The owner of the Scottish Inns and Amherst County officials have agreed on a rehabilitation plan that calls for occupants of the Madison Heights motel to vacate in 30 days and for the building to be demolished.
The Amherst County Board of Supervisors voted Nov. 5 to authorize County Administrator Dean Rodgers to sign the agreement with Satya Narayan, of Narayan Properties, LLC, the site’s owner. In September, county officials sent Narayan a notice of a preliminary determination the property at 4512 South Amherst Highway is considered spot blight following a detailed investigation in the summer.
The preliminary determination was due to the site’s failure to pass property maintenance inspections, its significant health code and zoning violations and more than 100 calls for law enforcement and emergency services at the site in the past year, according to the county. The county found occupants were exceeding the limit for residing there and an unauthorized daycare was on-site, which Narayan has disputed.

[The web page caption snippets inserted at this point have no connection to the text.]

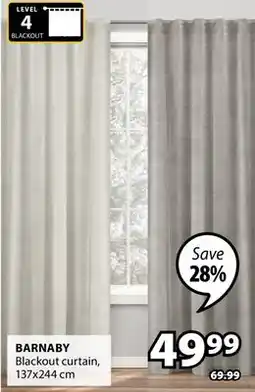 JYSK BARNABY Blackout curtain offer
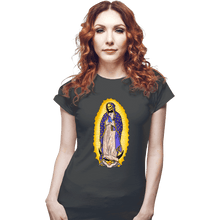 Load image into Gallery viewer, Daily_Deal_Shirts Fitted Shirts, Woman / Small / Charcoal Our Lady Of Eternia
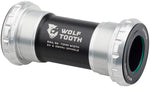 Wolf Tooth Bottom Bracket - English (BSA), 68/73mm, For 24mm Spindle, Raw Silver MPN: WBB-BSA-24-RSIL UPC: 810159401296 Bottom Brackets English (BSA) Bottom Brackets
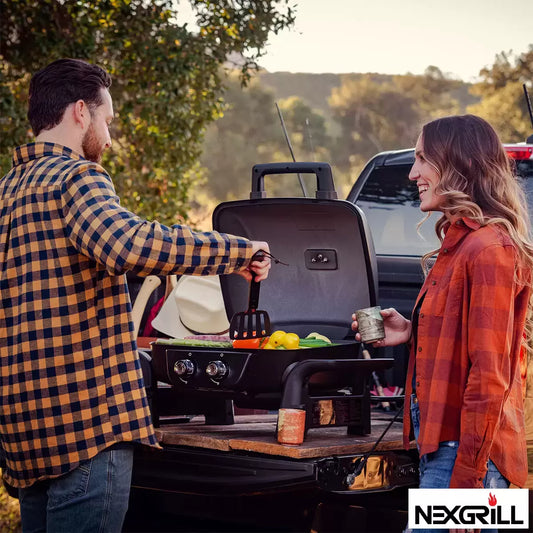 Nexgrill 2 Burner Aluminium Table Top Gas Barbecue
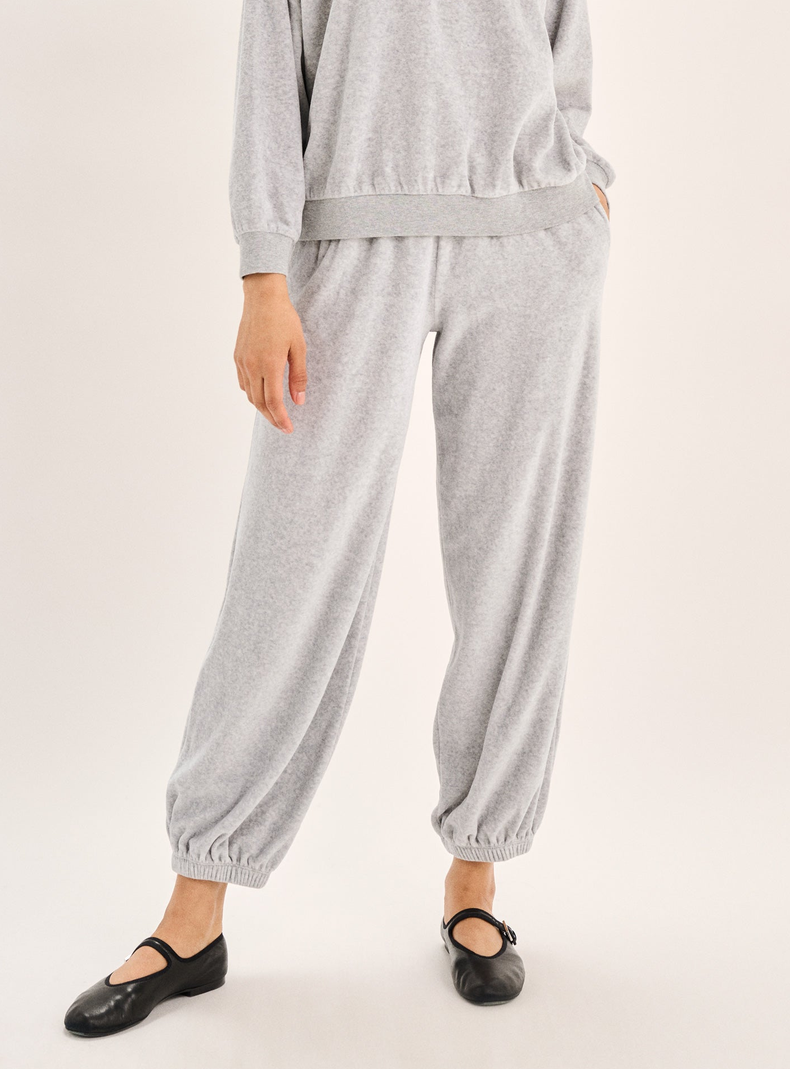 Paxos Velour Pant Grey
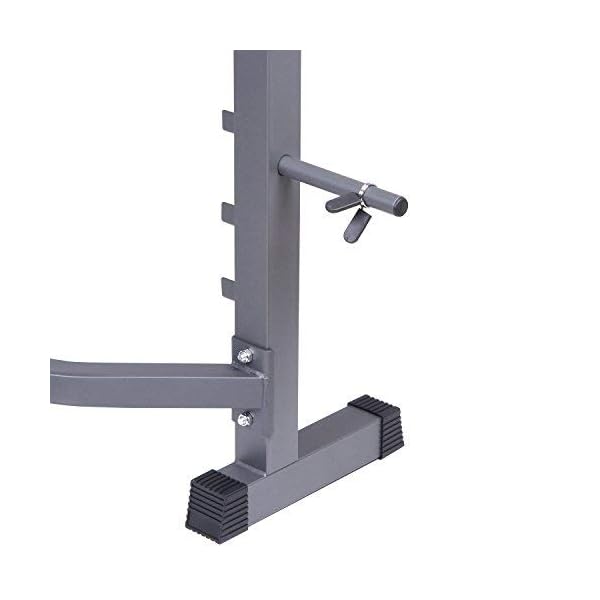 Body Champ Olympic Weight Bench, Workout Equipment for Home Workouts, Bench Press with Preacher Curl, Leg Developer and Crunch Handle At Dark Gray/Black, BCB5860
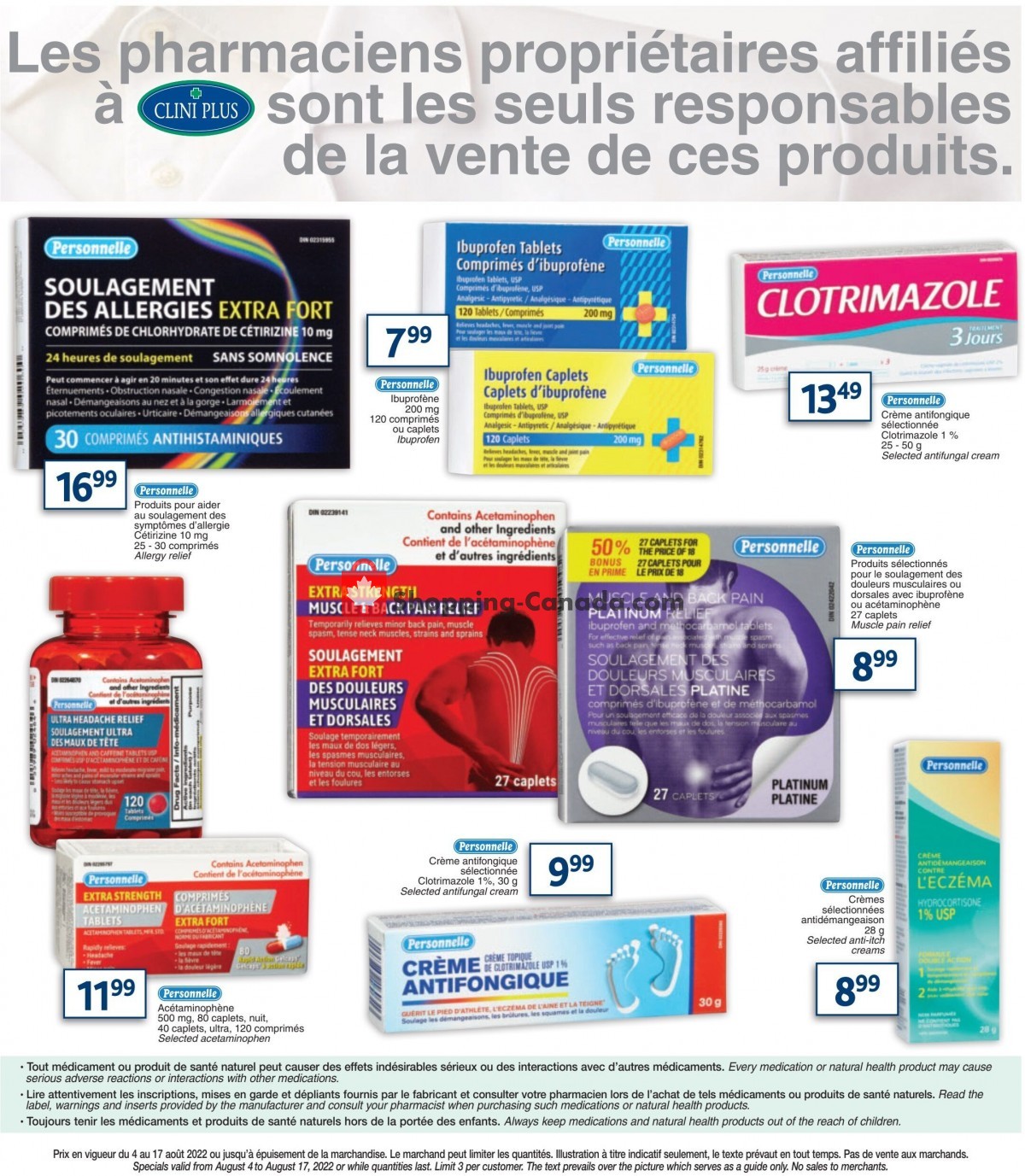 Clini Plus flyer from Thursday August 4, 2022 to Wednesday August 17, 2022 - page 4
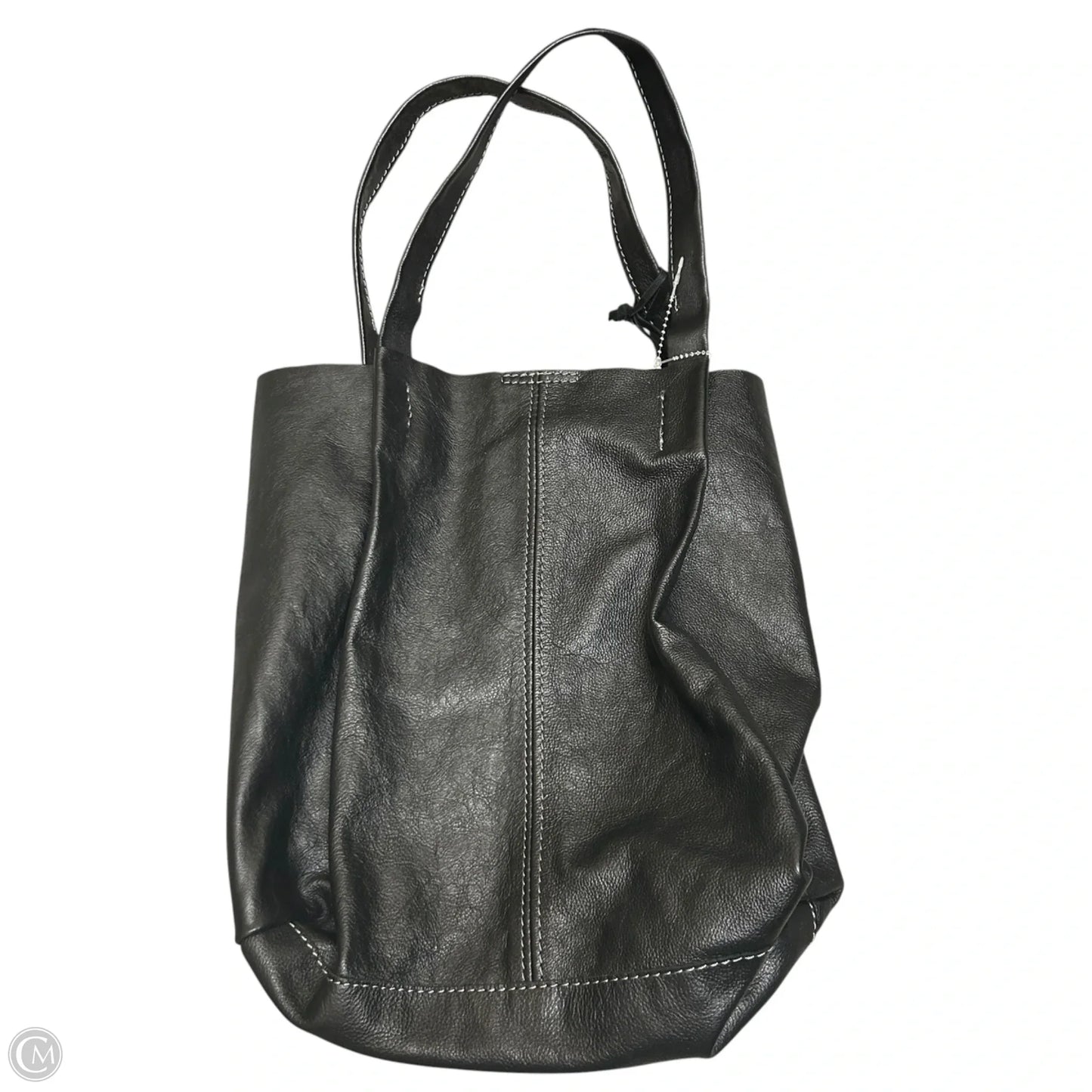 Handbag Leather By Alberta Di Canio, Size: Medium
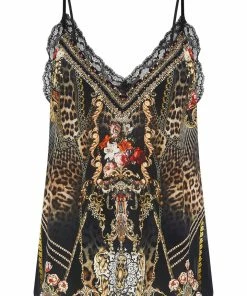 Camilla EBoutique (US) LACE TRIM CAMI GOTHIC GODDESS Sale Clothing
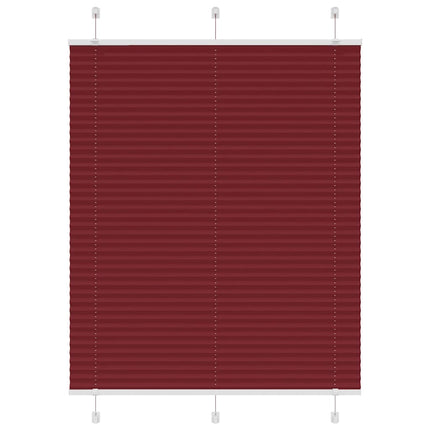 Plisségardin Bordeauxrød 105x150 cm Stofbredde 104,4 cm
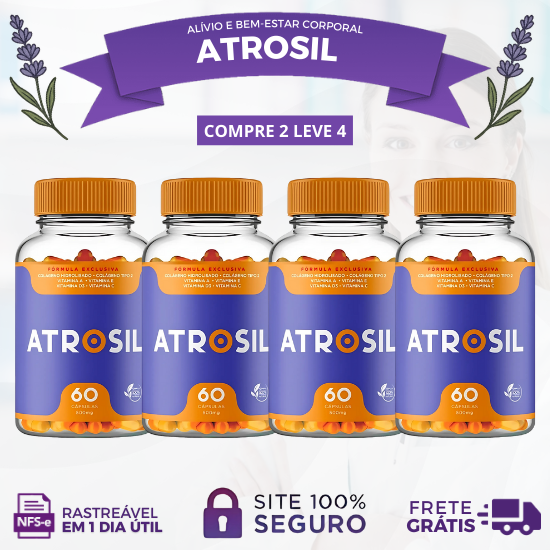 ATROSIL - ALÍVIO E FORTALECIMENTO DAS ARTICULAÇÕES - PROMOÇÃO OFICIAL (CADA KIT CONTÉM 2 UNIDADES) + FRETE GRÁTIS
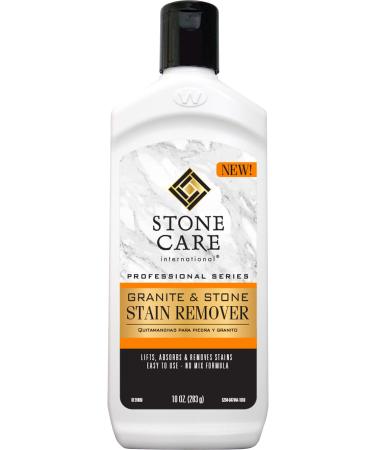 Stone Care International Stone Stain Remover - 10 Ounce - Stain Remover for Food, Coffee, Red Wine, Ink, Mildew, Oil Stains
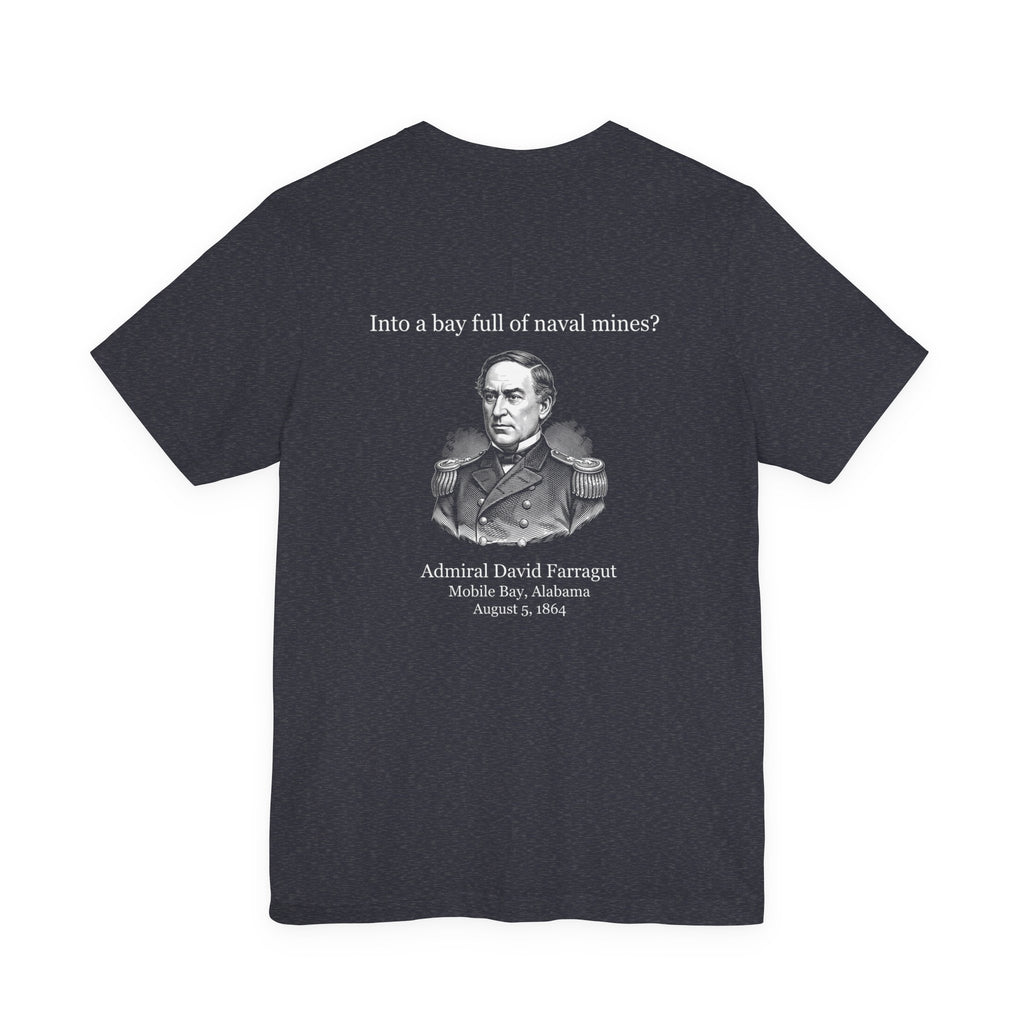 Mobile Bay Minefield Back Print Premium Tee
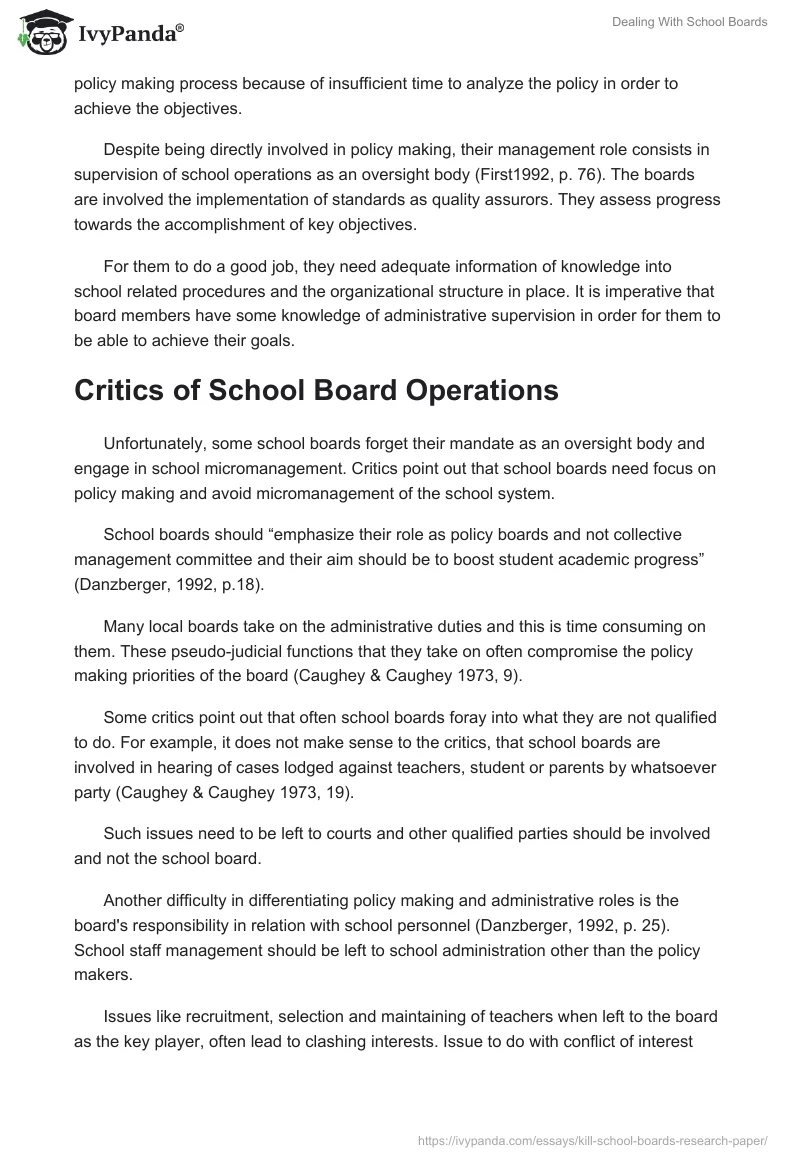Dealing With School Boards. Page 4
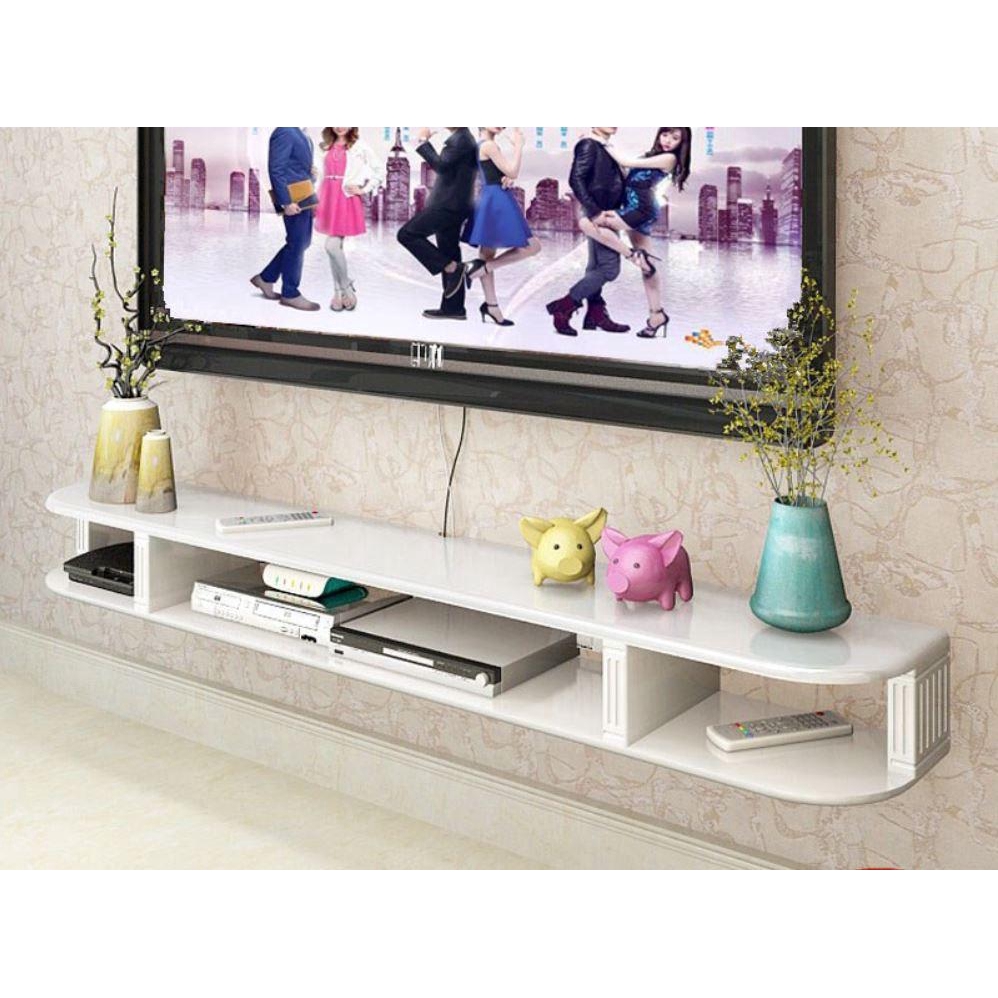 [READY STOCK] FOREVER European Style High Gloss Wall Mounted TV Shelves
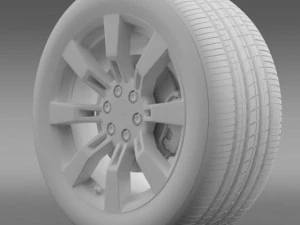 gmc denali hybrid wheel 3D Model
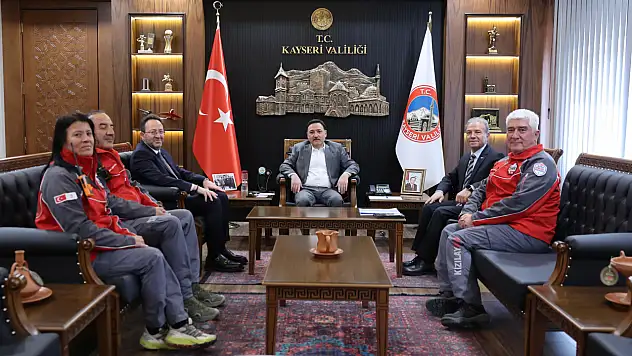 MÜSİAD SAR Arama Kurtarma Ekibinden Vali Gökmen Çiçek'e ziyaret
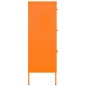 vidaXL Schubladenschrank Orange 80x35x101,5 cm Stahl vidaXL Schubladenschrank Orange 80x35x101,5 cm Stahl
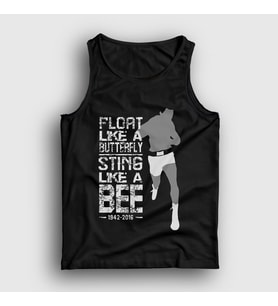 Presmono Unisex Siyah Butterfly Muhammed Ali Atlet 230070tt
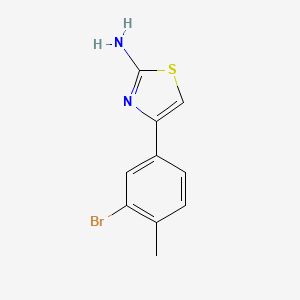 4-(3-Bromo-4-methylphenyl)thiazol-2-amine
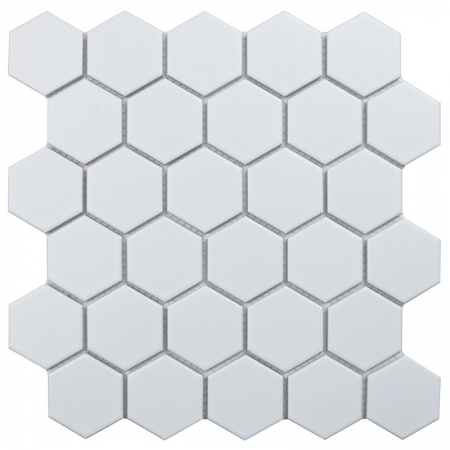 Hexagon Small White Matt
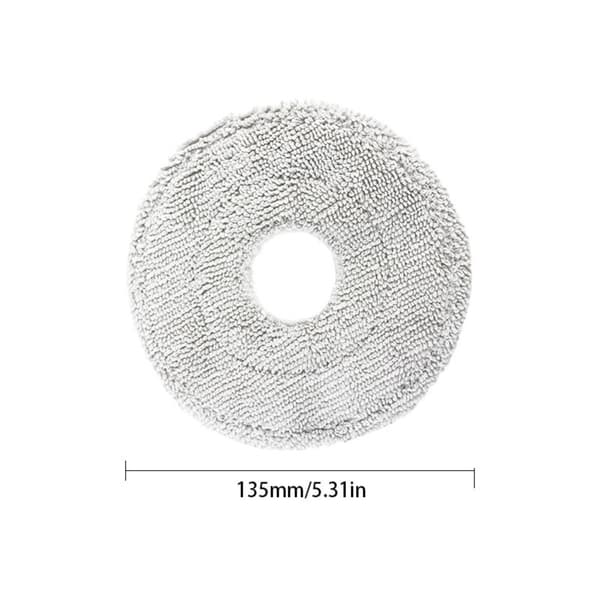 Moppduk 6-pack kompatibelt med Roborock P10/P20 Ultra/P20 Plus/P20 Ultra Plus/G20S/G30S, polyester nylonfiber reservmoppar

Under the agreement, all guests will be given notice to vacate within 30 days from Nov. 6 and no new guests will be permitted. The site will be secured to prevent trespassers, the owner has 45 days to turn in county and health department-issued licenses to operate the business and has 210 days to obtain a demolition permit. Once that permit is secured, Narayan has 60 days to demolish the structure, the plan states.
Rodgers recently was prepared to ask supervisors to enact a spot blight ordinance that would trigger a series of events in which the county takes control of the property and moves forward with demolishing the building. After negotiating with David Hawkins, an attorney representing Narayan, Rodgers recommended going ahead with the agreement.
“Either we go forward with the board declaring blight and then the county taking control of the site, paying for demolition and so forth, or we go forward with the agreement and we allow the owner to incur those expenses,” Rodgers said to supervisors. “We can still declare blight at a later time and move forward with demolition under our own financial means if the board chooses to do that.”
Rodgers has said the motel is a source of complaints from nearby property owners, has depressed property values and has failed inspections for years.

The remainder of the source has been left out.